Rate cuts should fuel homebuying, will the wait soon be over?

Rate cuts should fuel homebuying, will the wait soon be over?
Almost half of current homebuyers need mortgage rates below 5%.
JUL 30, 2024

Until the Fed decides to start cutting interest rates, potential homebuyers may stay on the sidelines. But will that cut be soon?

It’s the question being asked around the world as investors await the easing of US monetary policy, and although few economists expect a cut to be announced at this week’s FOMC meeting which begins today, there is high anticipation that Jerome Powell will give a strong signal for a September cut.

For those wanting to get on the housing ladder, a cut can’t come soon enough with 47% of respondents to a new Bankrate.com survey saying that they won’t be comfortable buying a home until mortgage rates are below 5% and 38% saying they need rates to be below 4%.

“Expectations about mortgage rates keep changing,” said Bankrate analyst Jeff Ostrowski. “The US economy is still going strong, and the Federal Reserve keeps putting off its first rate cut. Add those things together, and the consensus is that mortgage rates will remain in the range of 6.5% to 7% by the end of 2024.”

Even if the Fed does cut the target rate to below 5% by the end of 2024, mortgage rates are likely to take longer to fall from their current level, which Freddie Mac says was an average of 6.78% for a fixed-rate 30-year loan in its latest survey published last week.

“Mortgage rates essentially remained flat from last week but have decreased nearly half a percent from their peak earlier this year,” said Sam Khater, Freddie Mac’s Chief Economist. “Despite these lower rates, buyers continue to pause, as reflected in tumbling new and existing home sales data.”
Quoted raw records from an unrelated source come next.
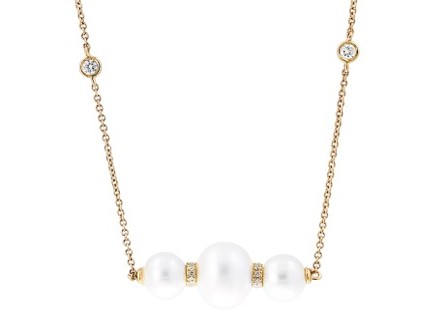 14k Yellow Gold Pearl/ Diamond Necklace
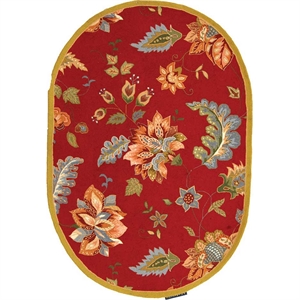 Safavieh Chelsea 7'6&quot X 9'6&quot Oval Hand Hooked Wool Pile Rug in Red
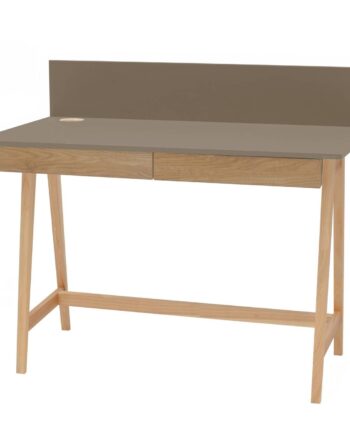 Luka Asketræ Skrivebord 110x50cm Med Skuffe Brun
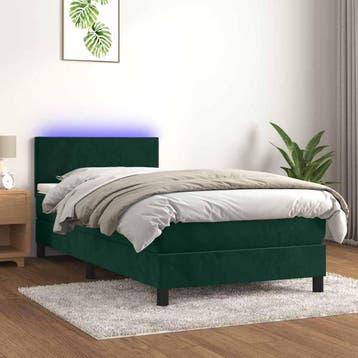 vidaXL Boxspring met matras en LED fluweel donkergroen, 90 cm, Eenpersoons, Verzenden, Nieuw
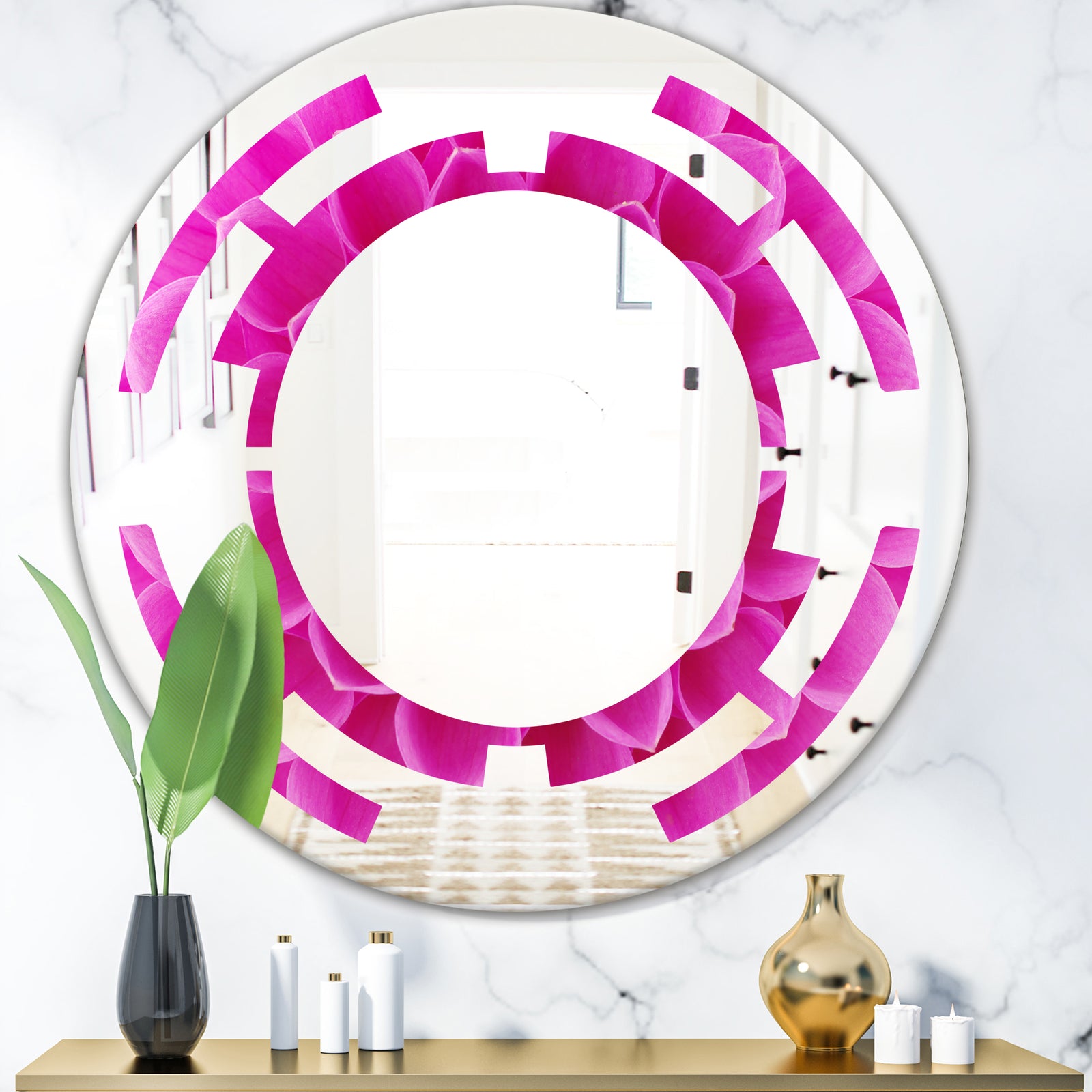 Large Pink Flower and Petals - Modern Round or Oval Wall Mirror - Space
Bankrate data puts the average 30-year mortgage at 6.90% and shows that rates have not been below 6% since August 2022 and not below 5% since April of that year. Its research reveals that higher interest rates are also keeping many home sellers on ice for now with three in ten respondents saying that they would not be comfortable selling until rates are below 5%, although 42% say there is no rate that would change that this year.

“The mortgage lock-in effect has frozen home sales for the past couple of years,” added Ostrowski. “Alas, these results don’t bode well for an unfreezing of the market. Many homeowners aren’t keen to sell at all, and many would-be buyers are waiting for mortgage rates to dip below 6%.”